You understand the saying, don't you? Being married a number of years, you, as a couple, become "comfortable as an old shoe." You fall into the "comfort rut," whatever that means.
I had a pair of shoes in high school. They were brown oxfords, and were the most comfortable shoes I think I've ever had. I had them repaired a number of times. New shoelaces (of course), new soles, had them re-sewn a few times, where the stitching had ripped. Even when the grommets started coming out, I was still wearing them. Finally, the holes where the grommets were started ripping, and I couldn't fix them anymore. It went sore against me to throw them away. I might have even had a funeral for them, but I don't remember.
I have never forgotten those shoes, and have been "on the lookout" for some to replace them ever since. (Mind you, I graduated almost forty. years. ago.) I finally saw some about five years ago that sorta looked the same. They were:
["Ontario" oxford by Eastland]
Carnival Shoes carried them for four years. Every time I went in the store, I'd look, but they never had my size. I finally looked for them on Zappos, but they no longer carried them. I did find them this fall and snapped. them. up. They are NOT, however, the "same" as my favorite shoes. They are very, very comfortable, but the leather is more rigid (my fav's were supple) and the sole is much heavier. But these may be the closest I'll ever find.
But I digress.
I wanted to talk about New Adventures that, for some reason, the magazine article thinks can't be had in Old Shoes. My first image of a new adventure would be, maybe, a hiking trip. And why would anyone in their right mind want to take a hiking trip in brand-new shoes that have yet to give a blister? I think that my mind would be on my feet, 'way more than my new adventure. Any adventure would be more fun if I wouldn't have to give a thought to what was going on on the foot-end, right? Obviously!

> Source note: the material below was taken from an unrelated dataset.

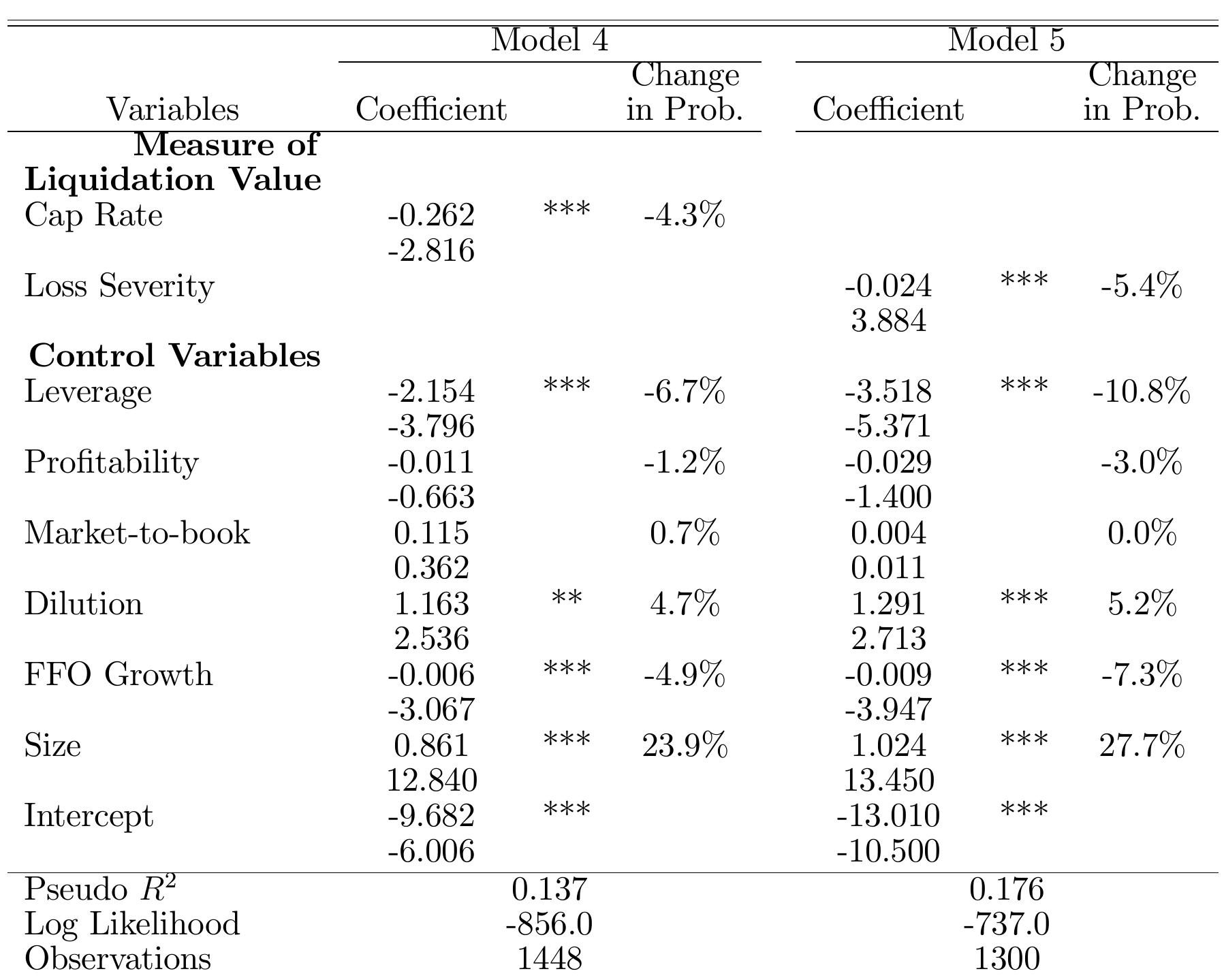 This table presents the multivariate logit regression results of REITs’ incremental financing deci- sions for a sample selected under criteria 3, where observations are included if any one of the twe market measures for liquidation value are available. Criteria 3 generates 1448 (1300) observations for cap rate (loss severity) sample. The dependent variable is set to 1 for a new bond issue, and O for an equity issue. Liquidation value is measured separately by the self-constructed firm level capitalization rate and firm level realized loss severity rate. Leverage is the ratio of total debt to total market assets, where the market assets is the total book assets plus the difference between the market value of equity and the book value of equity. FFO growth is the annual percentage change in funds from operations. Dilution is the total amount of offering divided by the market cap prior to the new issue. Profitability is measured by the ROAA, the return on average assets. Market-to-book is the total book assets divided by the total market value of assets. Z-statistics are shown in the line below the coefficient. *, **, and *** indicate statistical significance at the 10%. 5%. and 1% levels. respectively.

So, back to the idea of long-time married couples being in the "rut" of being old shoes. The comforting thought here is that, we know each other so well, we don't have to worry about "what will he think?" We know, for the most part, what each of us will "think" about just about any situation we could imagine. Now, imagine a New Adventure of any sort--we are already ahead of the curve of any dating couple or newlywed couple on the planet. Yes, for them, many things they do are New Adventures. Us, not so much, with the "vicissitudes of life" happening every day.  But when New Adventures happen, we only have to slip on our old-shoe-ness and take off.
Charming and I are in a transition season before one of our greatest adventures--that of the Empty Nest. We've taken longer than many couples, having our last child at almost-forty. And I am so, so, so looking forward to the Things that are Coming Ahead.
And I already have my comfy-shoes partner. Fortunately, I'll never have to throw him away. He's a keeper.